Showing posts with label anthologies. Show all posts
Showing posts with label anthologies. Show all posts

Tuesday, April 10, 2007

Anthologies

Many people first encounter poetry in kindergarten or grade school, of course, but their first adolescent or early adult encounter with it may occur when they dip into an anthology, as opposed to a volume by one author. Opinions vary about anthologies, which can seem like cemetaries, full of familiar headstones (famous poems) underneath which lie famous dead writers. They can also seem like beasts--enormous, expensive creatures full of undigested verse. The Norton Anthology of Poetry, for example, is now huge, heavy, and expensive. In the U.S., at least, it is the most famous anthology, representing "the canon" of Anglo-American verse, and therefore it may also be the most infamous. Anthologies can also help to reform canons, however; they can be revolutionary, revisionary, path-breaking. James Weldon Johnson's anthologies of African American poetry worked that way. So have a variety of avante-garde anthologies, anthologies of anti-war poetry, and collections representing specific schools or movements in poetry, such as the Beats, the Black Arts Movement, or the Black Mountain School. Sometimes anthologies are accompanied by manifestos or statements, often full of fervor.
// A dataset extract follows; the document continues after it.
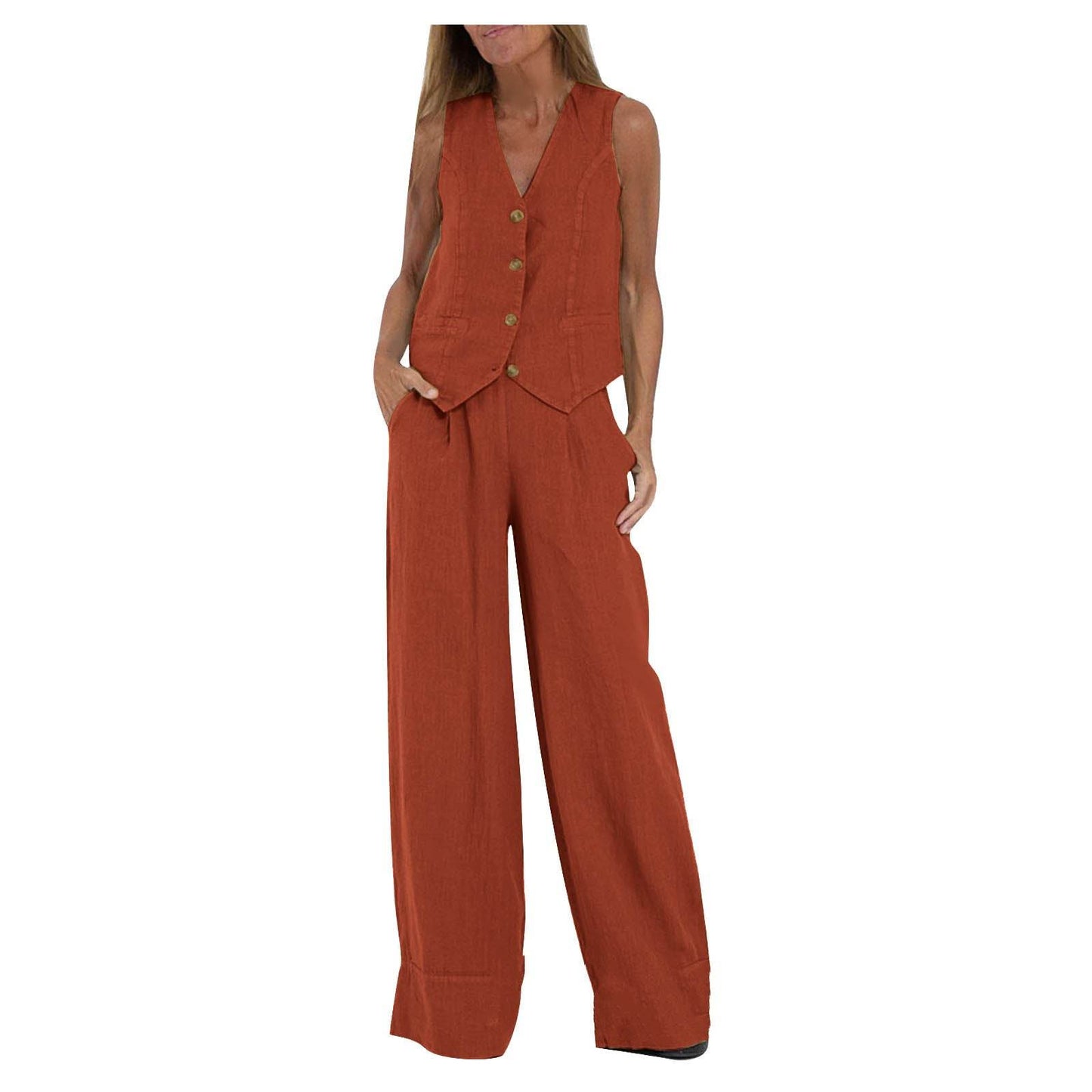 Ensemble Patchwork Lin - Clairea Boutique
I still like to pick up an anthology I first encountered as an undergraduate. It's A Little Treasury of Modern Poetry, third college edition, edited by Oscar Williams and published in hardback by Scribners in 1970 (but first in 1946). I still like the physical "feel" of the book. It's compact, with a nice cloth binding and black spine. I can't be sure, but I think it's the first place I encountered the poetry of Gerard Manley Hopkins, A.E. Housman, Wilfred Owen, Edwin Arlington Robinson, Karl Shapiro, and Randall Jarrell, so when I pick it up, I feel as if I'm walking past a cafe where I first met old so-and-so. It has some great black-and-white photographs of the poets in the back, all looking very craggy and serious. Out of 40-some poets photographed, only Vassar Miller, Marianne Moore, James Dickey, Gwendolyn Brooks, and Dylan Thomas are smiling, although there are some mild grins, including T.S. Eliot's. There are many deliberate frowns, and many poets refuse to look at the camera. The anthology is, of course, dominated by the work of white men. The work of LeRoi Jones (Amiri Baraka), Brooks, Countee Cullen, and Langston Hughes is included. Unless I'm mistaken, there are no Latino/Latina, American Indian, or Asian American poets represented, so the book is typical of that post-World War II-to-late-Sixties era. Of course, almost all of the poets represented are read now only in colleges, if at all, and there are several who aren't even read in colleges: John Drinkwater, Charles Causley, Gene Derwood, Anne Ridler, and Peter Viereck, for example (Viereck won the Pulitzer Prize, I believe).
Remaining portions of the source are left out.